To send or receive files, users use a BitTorrent client on their Internet-connected computer. A BitTorrent client is a computer program that implements the BitTorrent protocol. BitTorrent clients are available for a variety of computing platforms and operating systems, including an official client released by Rainberry, Inc. Popular clients include μTorrent, Xunlei Thunder, Transmission, qBittorrent, Vuze, Deluge, BitComet and Tixati. BitTorrent trackers provide a list of files available for transfer and allow the client to find peer users, known as "seeds", who may transfer the files.
Programmer Bram Cohen designed the protocol in April 2001, and released the first available version on 2 July 2001. On 15 May 2017, BitTorrent, Inc. (later renamed Rainberry, Inc.) released BitTorrent v2 protocol specification. libtorrent was updated to support the new version on 6 September 2020.
The first release of the BitTorrent client had no search engine and no peer exchange. Up until 2005, the only way to share files was by creating a small text file called a "torrent", that they would upload to a torrent index site. The first uploader acted as a seed, and downloaders would initially connect as peers. Those who wish to download the file would download the torrent, which their client would use to connect to a tracker which had a list of the IP addresses of other seeds and peers in the swarm. Once a peer completed a download of the complete file, it could in turn function as a seed. These files contain metadata about the files to be shared and the trackers which keep track of the other seeds and peers.
In 2005, first Vuze and then the BitTorrent client introduced distributed tracking using distributed hash tables which allowed clients to exchange data on swarms directly without the need for a torrent file.

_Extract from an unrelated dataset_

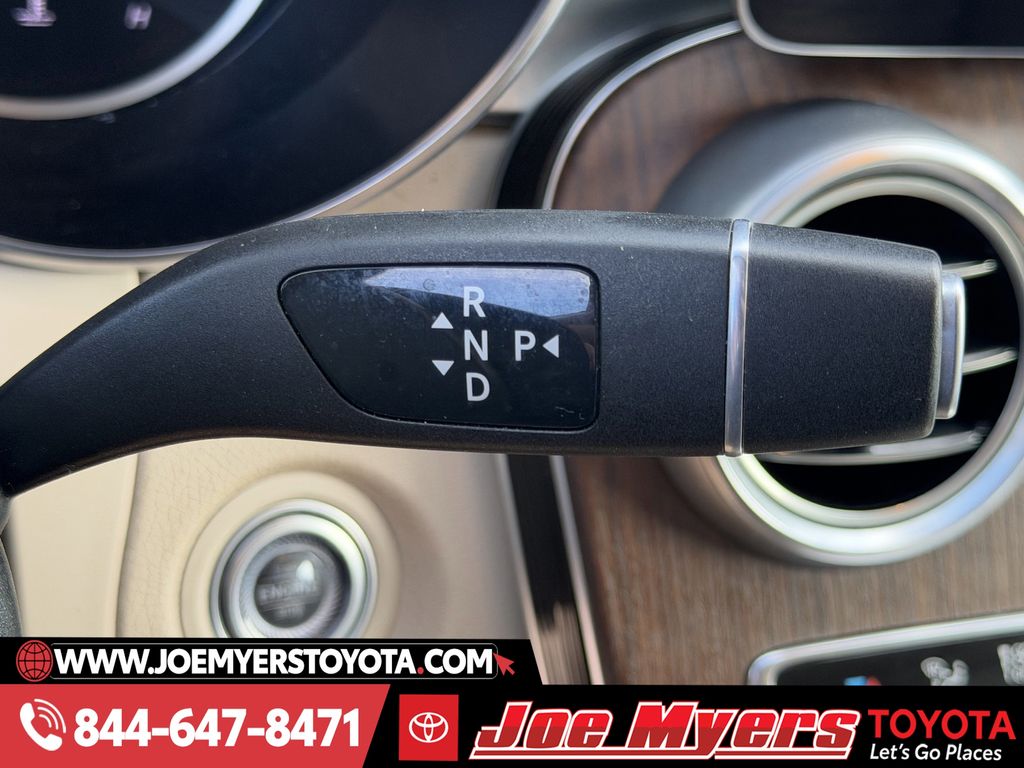 Used 2021 Polar White Mercedes-Benz GLC 300 image 22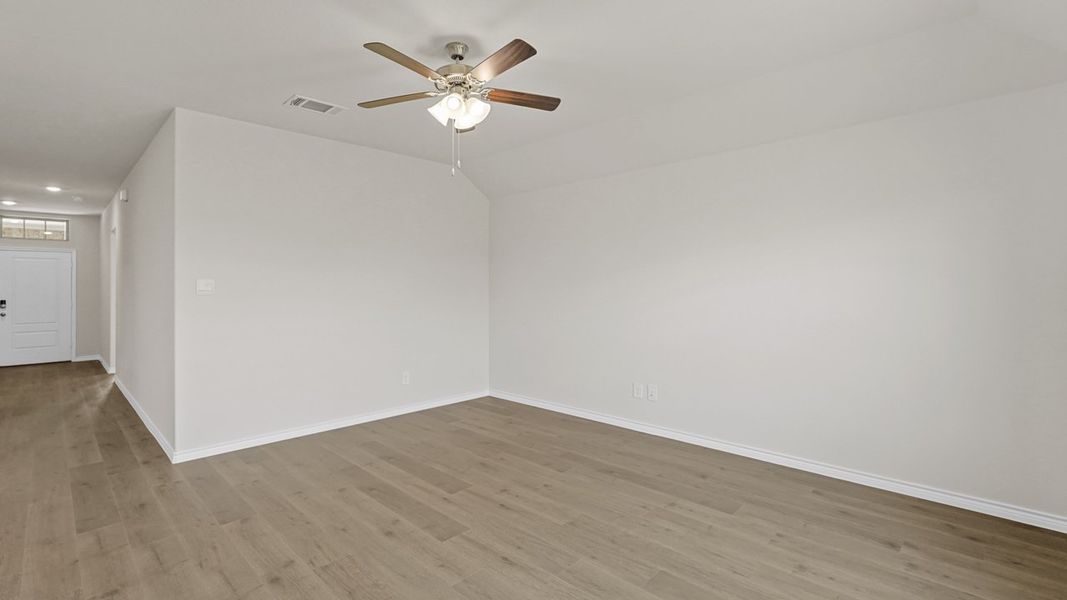 Spacious, unfurnished interior of a new home in Trailstone, Caddo Mills (Image 21).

BitTorrent v2 is intended to work seamlessly with previous versions of the BitTorrent protocol. The main reason for the update was that the old cryptographic hash function, SHA-1 is no longer considered safe from malicious attacks by the developers, and as such, v2 uses SHA-256. To ensure backwards compatibility, the v2 .torrent file format supports a hybrid mode where the torrents are hashed through both the new method and the old method, with the intent that the files will be shared with peers on both v1 and v2 swarms. Another update to the specification is adding a hash tree to speed up time from adding a torrent to downloading files, and to allow more granular checks for file corruption. In addition, each file is now hashed individually, enabling files in the swarm to be deduplicated, so that if multiple torrents include the same files, but seeders are only seeding the file from some, downloaders of the other torrents can still download the file. Magnet links for v2 also support a hybrid mode to ensure support for legacy clients.

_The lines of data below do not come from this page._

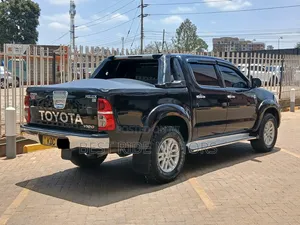 Toyota Hilux 3.0 D-4D 4x4 2014 Black
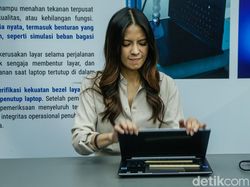 Asus Pamer Ketangguhan ExpertBook Ultra, Disiram Air hingga Dibanting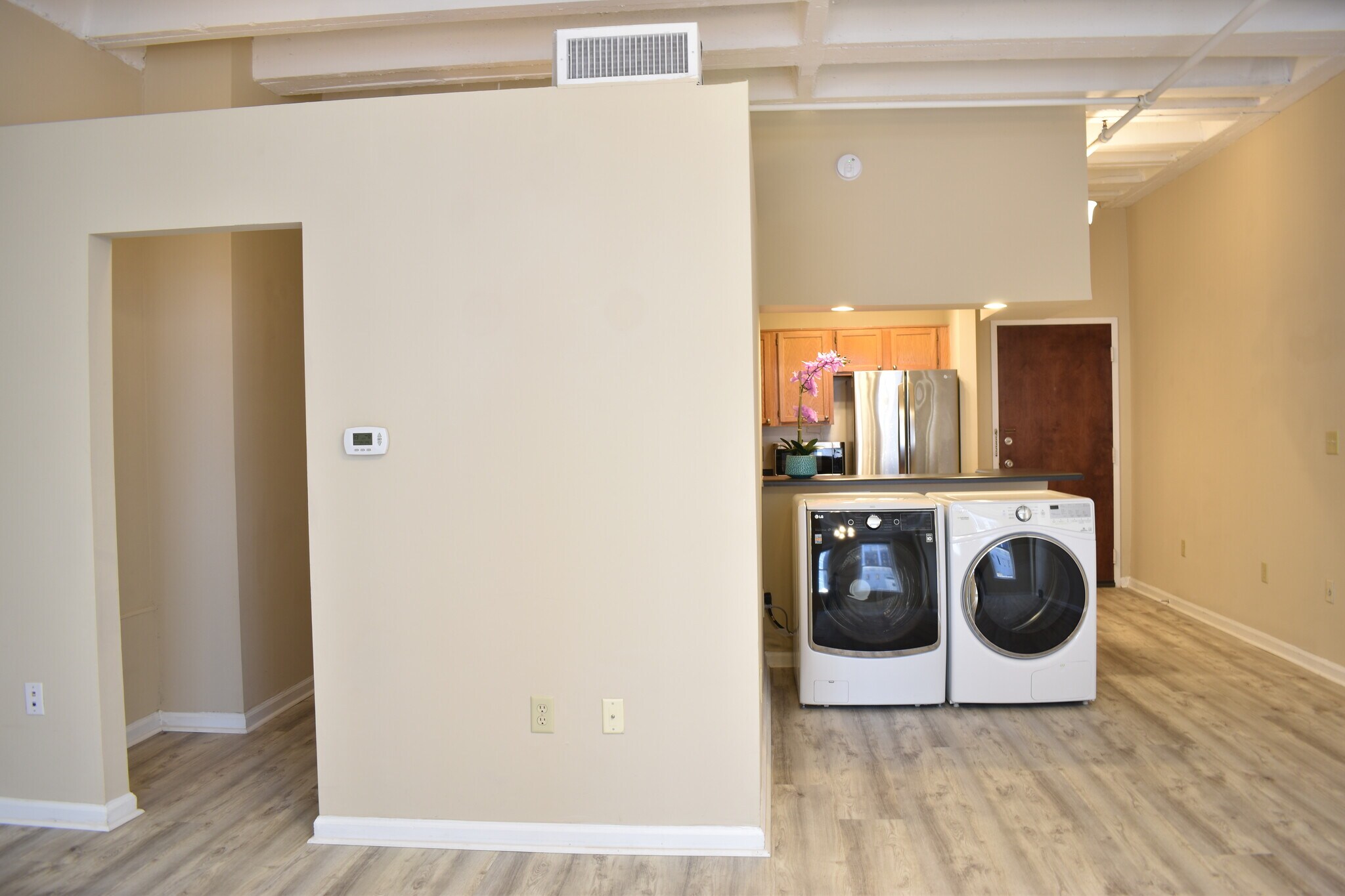 Thermo for A/C - 32 Peachtree St NW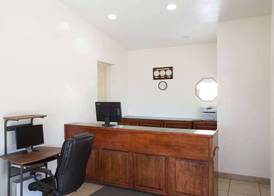 Howard Johnson by Wyndham Brigham City 2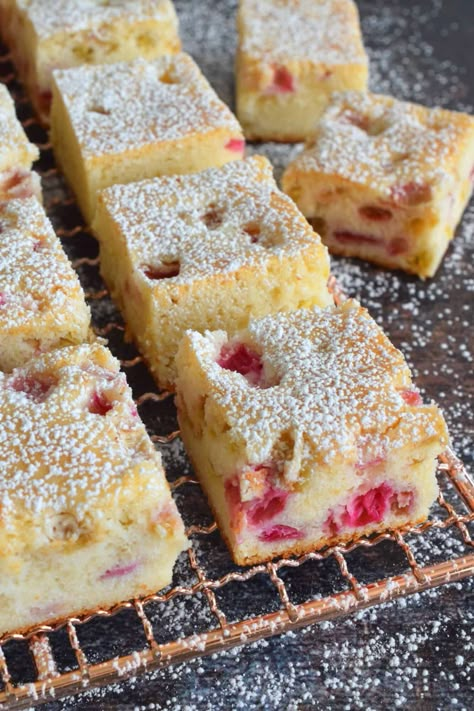 Perfectly sweet and puckeringly tart, 3 Ingredient Rhubarb Squares take thirty minutes from start to finish. These are a quick and easy treat which can be effortlessly whipped up when your neighbour announces they're dropping by for tea this afternoon. All in one bowl, so a simple clean up too! #rhubarb #squares #bars #cookies #3ingredient #dessert Rhubarb Squares Recipes, Quick Rhubarb Recipes, Rhubarb Easy Recipes, Easy Rhubarb Desserts, Rhubarb Baking Recipes, Rhubarb Desserts Easy, Rhubarb Cookies Recipes, Rhubarb Pastry, Rhubarb Bars Recipes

The file being distributed is divided into segments called pieces. As each peer receives a new piece of the file, it becomes a source (of that piece) for other peers, relieving the original seed from having to send that piece to every computer or user wishing a copy. With BitTorrent, the task of distributing the file is shared by those who want it; it is entirely possible for the seed to send only a single copy of the file itself and eventually distribute to an unlimited number of peers. Each piece is protected by a cryptographic hash contained in the torrent descriptor. This ensures that any modification of the piece can be reliably detected, and thus prevents both accidental and malicious modifications of any of the pieces received at other nodes. If a node starts with an authentic copy of the torrent descriptor, it can verify the authenticity of the entire file it receives.

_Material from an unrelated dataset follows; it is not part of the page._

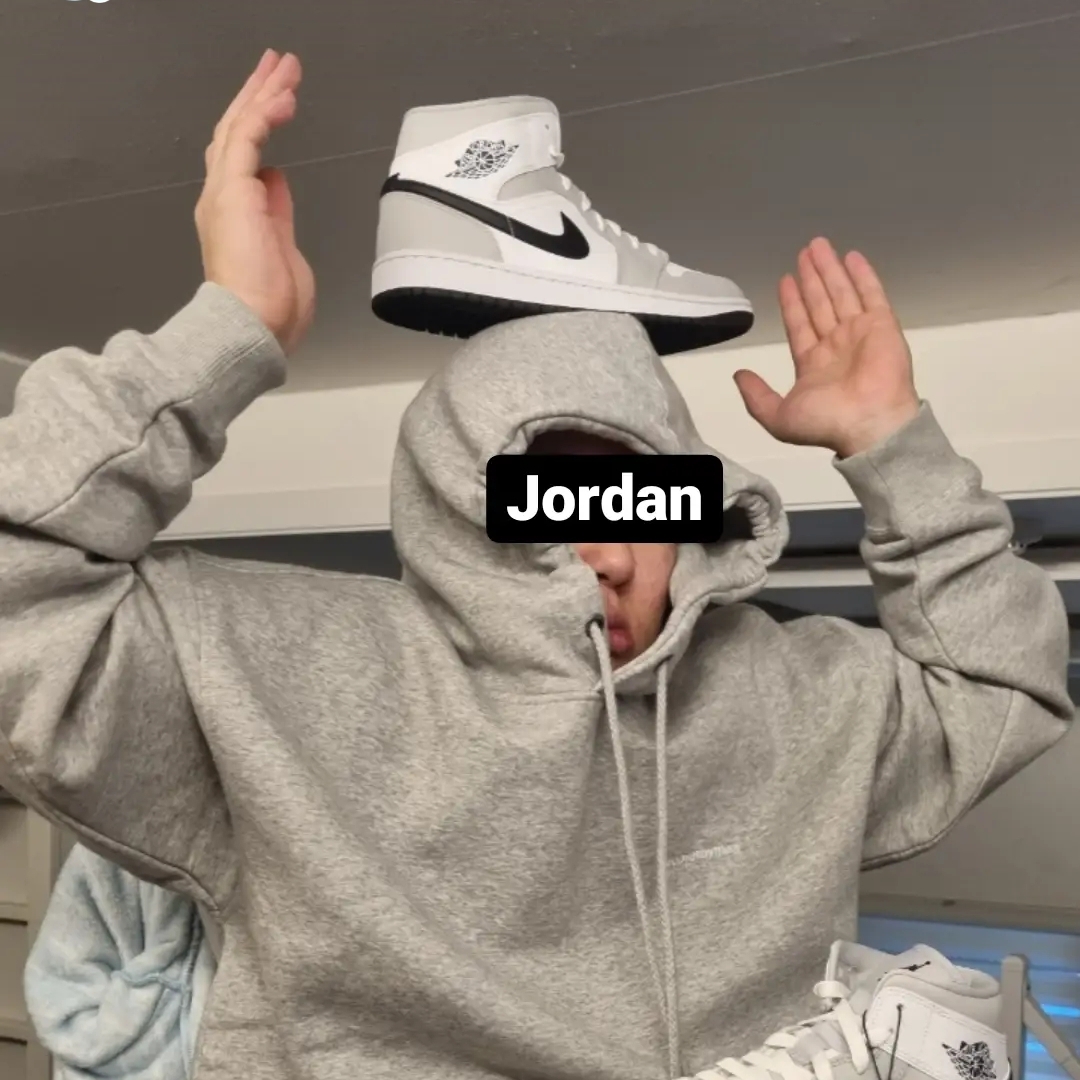(W) Jordan 1 Mid Grey Fog 착용 스타일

The BitTorrent protocol provides no way to index torrent files. As a result, a comparatively small number of websites have hosted a large majority of torrents, many linking to copyrighted works without the authorization of copyright holders, rendering those sites especially vulnerable to lawsuits. A BitTorrent index is a "list of .torrent files, which typically includes descriptions" and information about the torrent's content. Several types of websites support the discovery and distribution of data on the BitTorrent network. Public torrent-hosting sites such as The Pirate Bay allow users to search and download from their collection of torrent files. Users can typically also upload torrent files for content they wish to distribute. Often, these sites also run BitTorrent trackers for their hosted torrent files, but these two functions are not mutually dependent: a torrent file could be hosted on one site and tracked by another unrelated site. Private host/tracker sites operate like public ones except that they may restrict access to registered users and may also keep track of the amount of data each user uploads and downloads, in an attempt to reduce "leeching".
Web search engines allow the discovery of torrent files that are hosted and tracked on other sites; examples include The Pirate Bay and BTDigg. These sites allow the user to ask for content meeting specific criteria (such as containing a given word or phrase) and retrieve a list of links to torrent files matching those criteria. This list can often be sorted with respect to several criteria, relevance (seeders-leechers ratio) being one of the most popular and useful (due to the way the protocol behaves, the download bandwidth achievable is very sensitive to this value). Metasearch engines allow one to search several BitTorrent indices and search engines at once.
The Tribler BitTorrent client was among the first to incorporate built-in search capabilities. With Tribler, users can find .torrent files held by random peers and taste buddies. It adds such an ability to the BitTorrent protocol using a gossip protocol, somewhat similar to the eXeem network which was shut down in 2005. The software includes the ability to recommend content as well. After a dozen downloads, the Tribler software can roughly estimate the download taste of the user, and recommend additional content.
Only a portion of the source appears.